Empirical Growing Networks vs Minimal Models: Evidence and Challenges from Software Heritage and APS Citation Datasets
We investigate the evolution rules and degree distribution properties of the Software Heritage dataset, a large-scale growing network linking software source-code versions from open-source communities. The network spans more than 40 years and includes about 6 billion nodes and edges. Our analysis relies on deterministic temporal and topological partitions of nodes and edges, which account for the multilayer and partially timestamped structure of the main graph. We derive a temporal graph that reveals a mesoscale structure and enables the study of edge dynamics–creation, inheritance, and aging–together with comparisons to minimal models using degree distributions and histograms of edge timestamp differences. The temporal graph also exposes regime shifts that correlate with changes in developer practices, as reflected in the average number of edges per new node. We estimate scaling exponents under the scale-free hypothesis and highlight the sensitivity of the estimation method used to both regime shifts and outliers, while showing that partitioning improves regularity and helps disentangle these effects. We extend the analysis to the APS citation network, which also exhibits a major regime shift, with an accelerated growth regime becoming dominant after 1985. Although both datasets are a priori good candidates for advanced quantitative analysis, our results illustrate how structural and dynamical transitions hamper our ability to draw firm conclusions about the existence and observability of a scale-free regime in these empirical networks. These findings underscore the need for refined tools and models to study transient growth regimes, to extend current frameworks toward minimal causal growth models, and to enable robust comparisons between empirical growing networks and minimal models.
💡 Research Summary
This paper conducts a comprehensive empirical investigation of two massive, long‑running networks: the Software Heritage (SWH) dataset, which records software source‑code versions and their provenance over more than four decades, and the American Physical Society (APS) citation network, which captures scholarly citations from the early 20th century to the present. Both datasets contain billions of nodes and edges, but they differ in the completeness of temporal information: SWH’s revision (RV) and release (RL) nodes carry commit timestamps, whereas origin (O) nodes do not, while APS nodes have clear publication and citation dates.

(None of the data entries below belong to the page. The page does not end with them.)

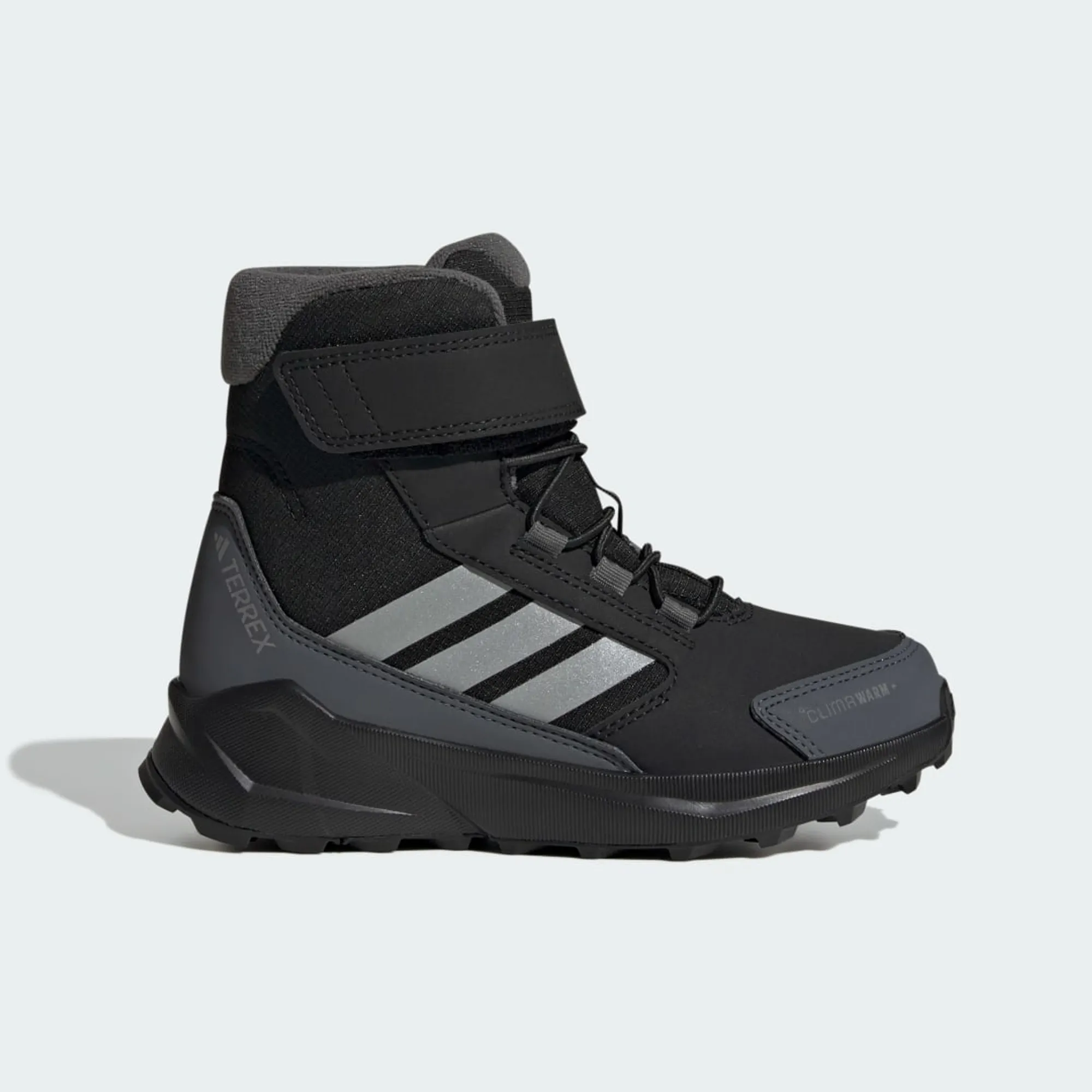 adidas Terrex Trailmaker 2 High CLIMAWARM+ Kids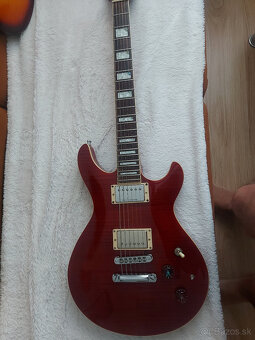 CORT M 600 - 2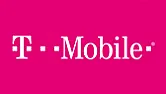 s Rural Internet Is  Expanding [telecom] |   By Kayla Wassell  T-Mobile is having great success within smart markets and...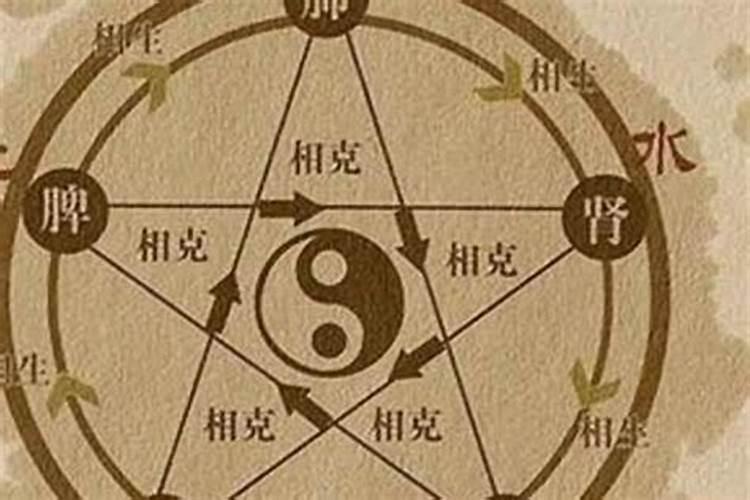 老婆有婚外情算是老公的烂桃花吗？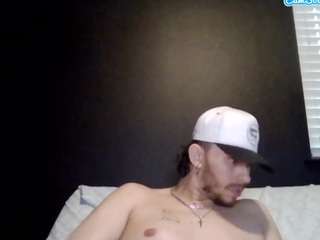 tallhungcloudyy Sex Cam Show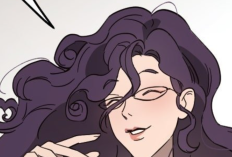 Expecting She! Link to Read of Manhwa The Mafia Nanny Chapter 92 English Translation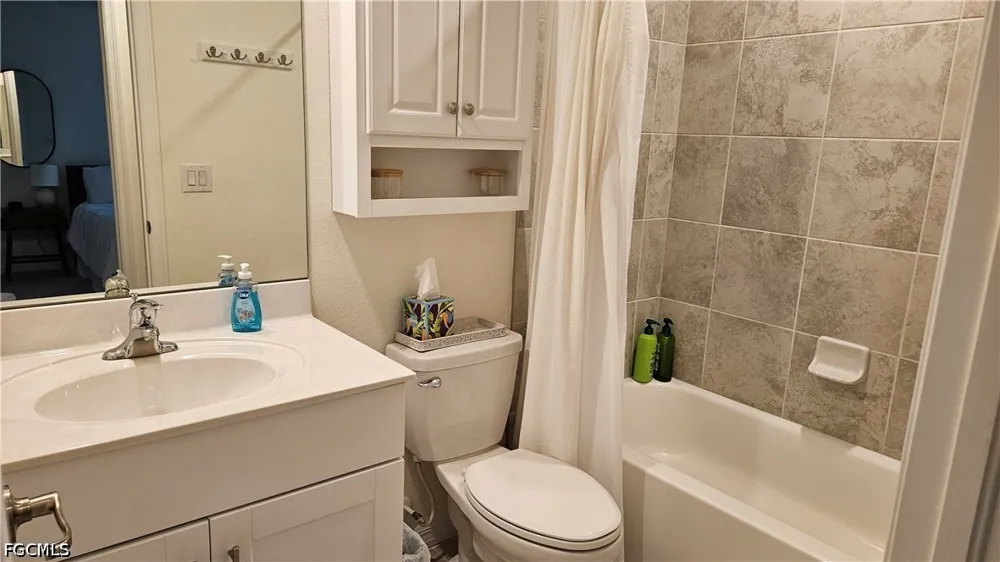 Oviedo Place Fort Myers, FL 33905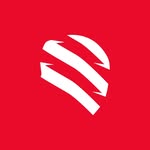 Inducascos Community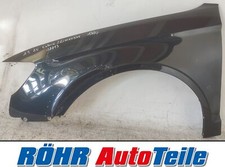 Audi cabrio limousine gebraucht kaufen  Cölbe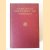 Handboek tot de Staatkundige Geschiedenis van Nederland
I.H. Gosses e.a.
€ 10,00 Handboek tot de Staatkundige Geschiedenis van Nederland
I.H. Gosses e.a.
€ 10,00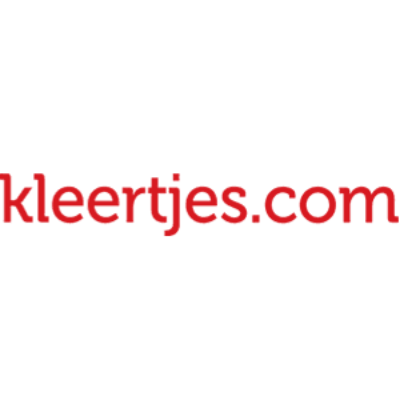 Kleertjes.com kortingscode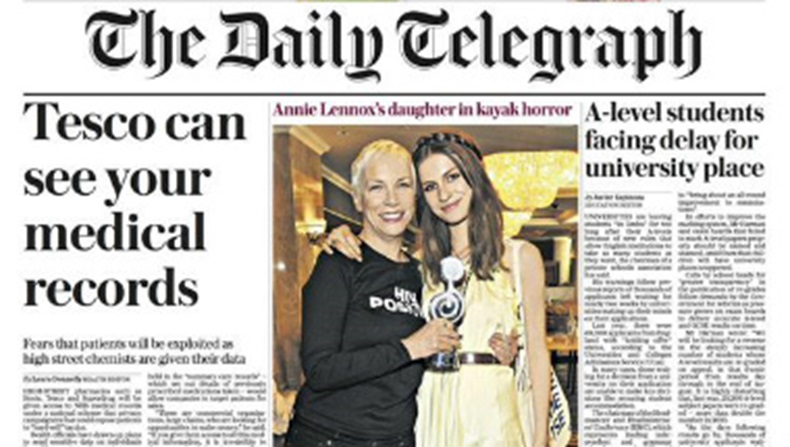 Telegraph%20front%20page%20380.jpg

The authors first define the “main graph” G (including O, RV, RL nodes) and then extract a subgraph G_RV/RL that contains only temporally stamped nodes. To study growth mechanisms on the full graph, they introduce two systematic partitioning strategies. The first, “temporal partitioning,” propagates timestamps from RV/RL nodes up to their associated origin nodes and aggregates directed paths through RV/RL to create O→O edges. Four variants are constructed by combining (i) inheritance rules (I: add an edge whenever any directed path exists; WI: add an edge only if a direct RV/RL‑to‑O edge exists) with (ii) true‑time rules (TT: edge direction follows the chronological order of the propagated timestamps; NoTT: direction follows the original path orientation). This yields four derived temporal graphs G_modeI,modeT.
The second strategy, “TSL partitioning,” classifies each origin node by a triplet (T,S,L): the capped in‑degree (T), capped out‑degree (S), and a binary flag for self‑loops (L). With a cap δₘ=1, nodes fall into four types (001, 011, 101, 111). The resulting TSL graph G_TSL_δₘ is then compared to a directed version of the Barabási–Albert model (the Price model), providing a minimal generative baseline.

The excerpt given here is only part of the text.